*** Begin section ***
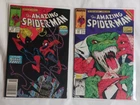 Amazing Spider-Man #313, 310 Todd Mcfarlane Marvel Comics 1988 Lot of 2
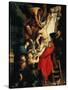 Altar: Descent from the Cross, Central Panel-Peter Paul Rubens-Stretched Canvas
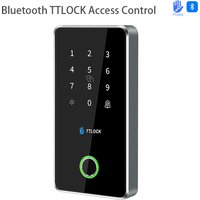 TTLock APP Remote Control Standalone Metal Access Controller Reader Support Fingerprint Card Password App Alexa IP67 Waterproof
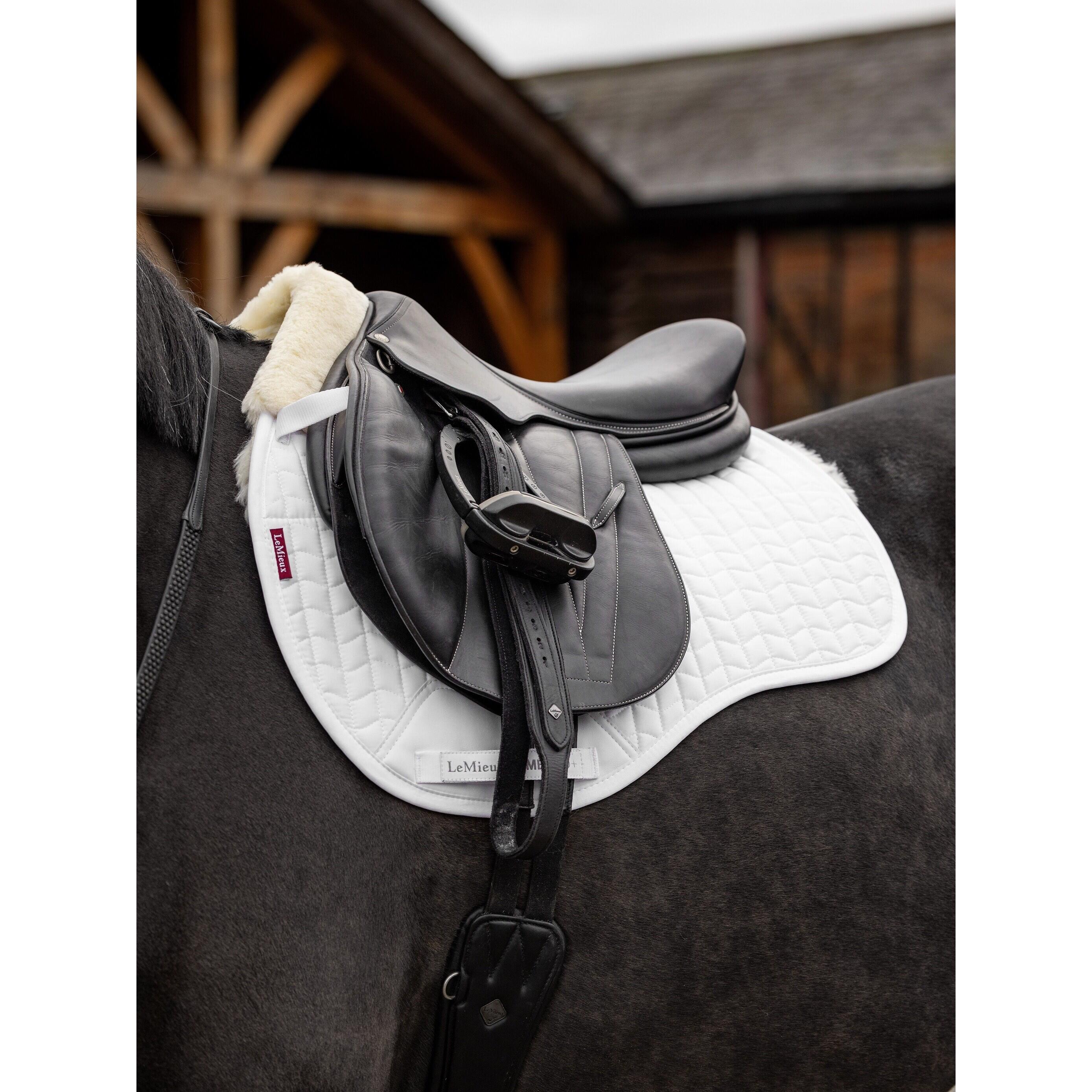 Zadeldek voor paarden LeMieux Merino+ GP Square 5/5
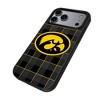 NCAA Big Ten Universities Plaid MagSafe Compatible Cell Phone Case for Apple iPhone 17 Series - 2 of 4
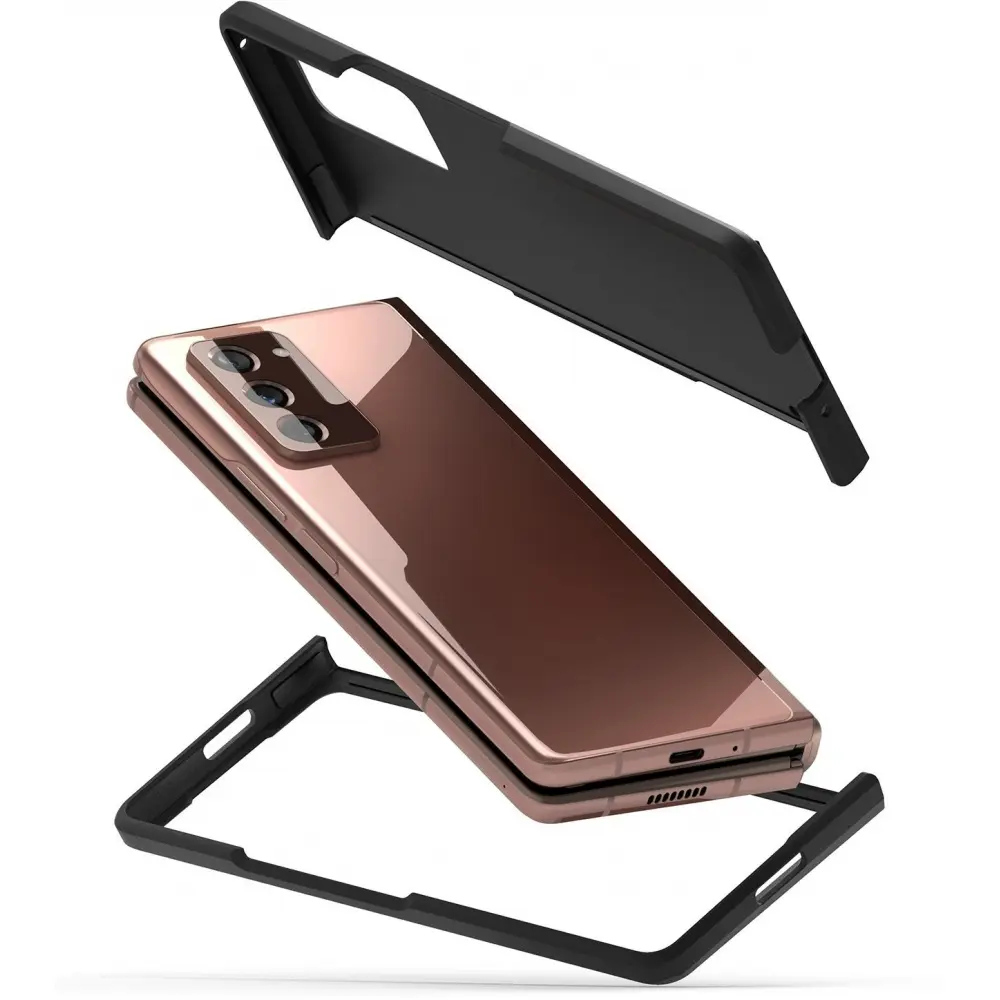 Husă Ringke ultra-subțire pentru Samsung Galaxy Z Fold 2 5G, Negru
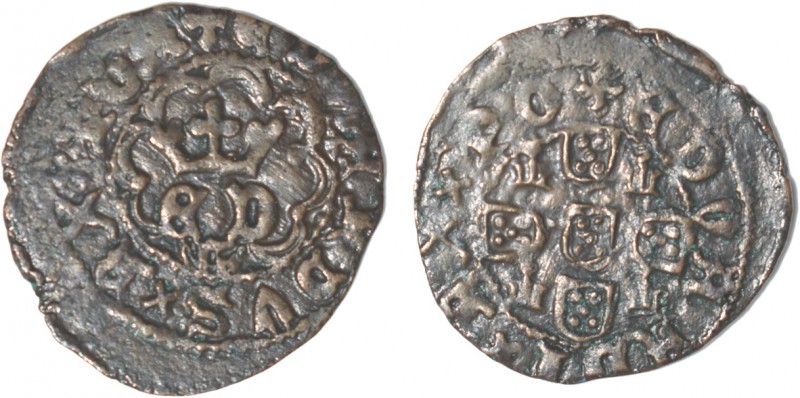 Portugal - D. Duarte I (1433-1438)
Real Preto, L, +EDVARDVSxRXxPOR/+EDVARDVSxRX...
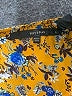 Fun2Fun 100% Polyester Floral Tropical Yellow Sleeveless T-Shirt Size S - photo 7
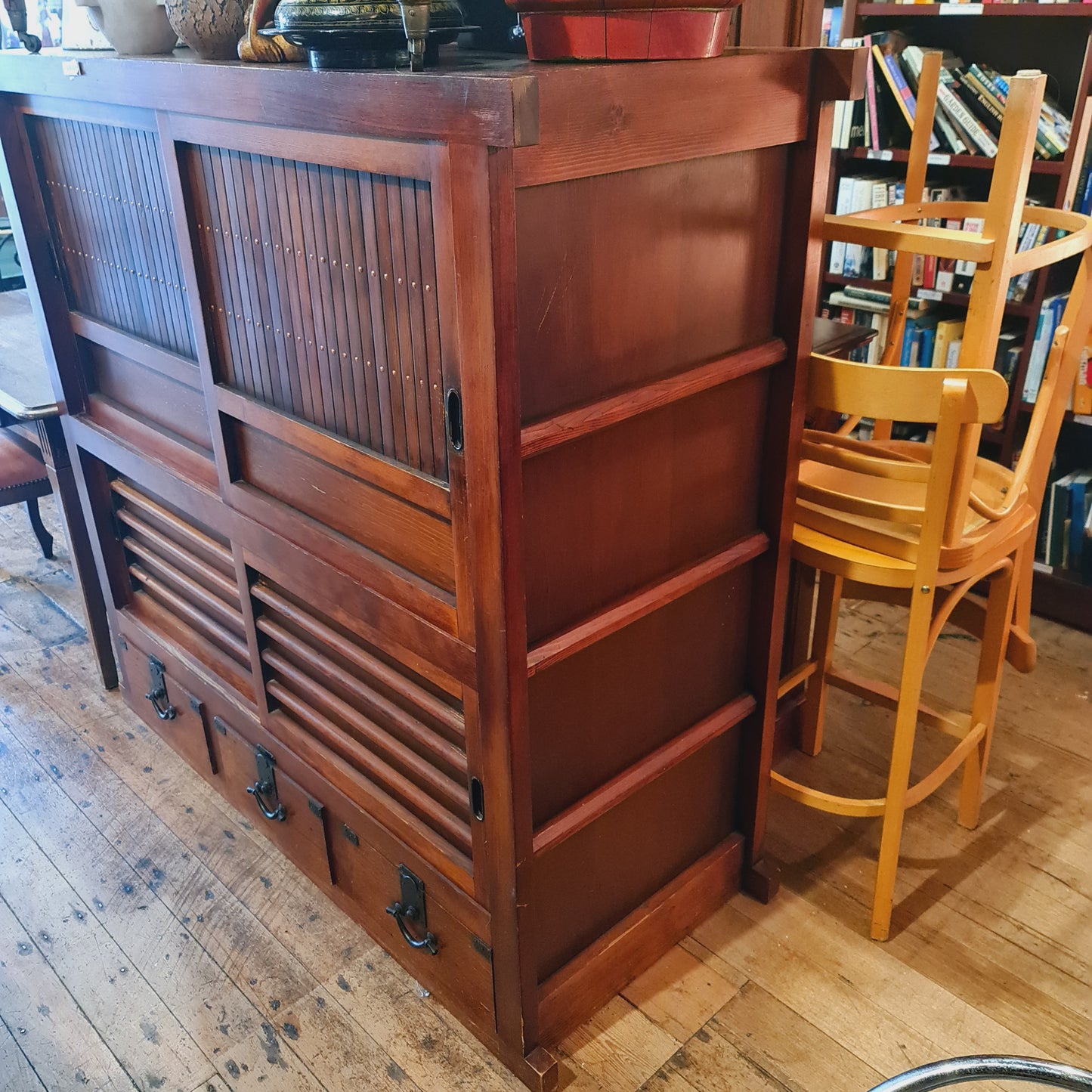 Japanese Cabinet Huge Storage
*** End section ***
## What you have to do
The pictures stay out; repeat exactly the lines from the one with "Portugal - D. Duarte I (1433-1438)" to the end of the entries above, and nothing else.

## Answer to this exercise
 Portugal - D. Duarte I (1433-1438)
Real Preto, L, +EDVARDVSxRXxPOR/+EDVARDVSxRX...
 Fun2Fun 100% Polyester Floral Tropical Yellow Sleeveless T-Shirt Size S - photo 7
 Japanese Cabinet Huge Storage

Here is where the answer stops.